Unlike a traditional ground network that goes direct from a “client” satellite to a ground station on the ground, a space relay networks consist of communication satellites that relay data from the “client” satellite down to a ground station.

The drawback of relays is that ground stations achieve a lower data rate. DTE provides a much higher rate since the ground station is connected directly to the satellite.

In either case, communication occurs over radio frequency (RF) or optical signals, each having distinct advantages and disadvantages. RF communication is somewhat simpler to set up, but uplink is burdened by each country’s rigid regulation on radio transmission licensing. Laser communication can offer high data rates and is not subject to any regulation, but its major drawback is that even light cloud cover will prevent the optical ground station from establishing contact with the satellite.

What’s the price of running a Ground Station? How does GSaaS make a change?

Depending on the operating frequency, the size and type of antenna as well as supporting equipment (such as Low Noise Amplifiers (LNA), transceivers, etc.), a number of factors drive the cost of a ground station. We’re talking five to six-digit figures.

Until recently, most agencies and companies used to build their own stations and storage infrastructure. Since regular Ground Stations are costly to set up and maintain — especially in different countries — there has been an interest in “renting” Ground Station capacity. The business of leasing existing stations to space enterprises, in combination with a cloud platform, is called a Ground Station as a Service (GSaaS). GSaaS services allow agencies, enterprises and even individual users to rent third-party station capacity, effectively outsourcing much of the Ground System.

A lot of amateur space enthusiasts are making fully operational DIY ground stations. Can you make one too?

The best part, however, is that you don’t have to spend an entire fortune to communicate with an orbital satellite. For a modest budget in the range of $500 — $5,000, most people can assemble an adequate ground station for testing and even some limited commercial uses. One of the most prominent non-commercial networks is SatNOGS, which has a growing open-source community and provides great information on setting up your own station in the open frequencies. These stations are excellent to get involved with amateur radio communities and figure out the basics of satellite communication, and an excellent learning source.

In case you’re interested in building a ground station to receive an Automatic Picture Transmission (APT) from active National Oceanic and Atmospheric Administration (NOAA) satellites, click on the link.

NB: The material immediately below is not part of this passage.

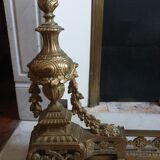 Chenêts and chimney bar in bronze nineteenth century.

The NOAA satellites are Low Earth Orbit (LEO). Each satellite circles the Earth approximately every 100 minutes so it’s relatively easy to get a decent amount of contacts daily. The images transmitted by NOAA satellites are produced by the satellite’s primary scanning instrument called the Advanced Very High Resolution Radiometer (AVHRR). The instrument is designed to detect five channels of radiant energy from the surface of the Earth ranging from the visible spectrum to the near-infrared and infrared or thermal spectra. As the satellite passes over a given part of the earth, the AVHRR sensors collect and transmit data automatically.

Source:; @sashae, @sophied.

The future is clear for the space data industry. Why?

As we mentioned, commercial Ground Stations are not exactly cheap to maintain or set up. Many agencies, businesses, and individuals will become increasingly reliant on GSaaS to replace legacy infrastructures, set up new data networks, and monetize their data products more rapidly.

While large cloud-based players like AWS Ground Station and Azure Orbital seem set to dominate this trend, a number of other providers are already active. But it’s our solution, HomePort, that will make an impact by creating the first decentralized network of ground stations with customizable pipelines and access to decentralized marketplaces where everyone can participate.

HomePort, armed with the Ephemeris Protocol, will create a radically new infrastructure for satellite data that will change the way communities, enterprises, agencies, and users tap into the space economy.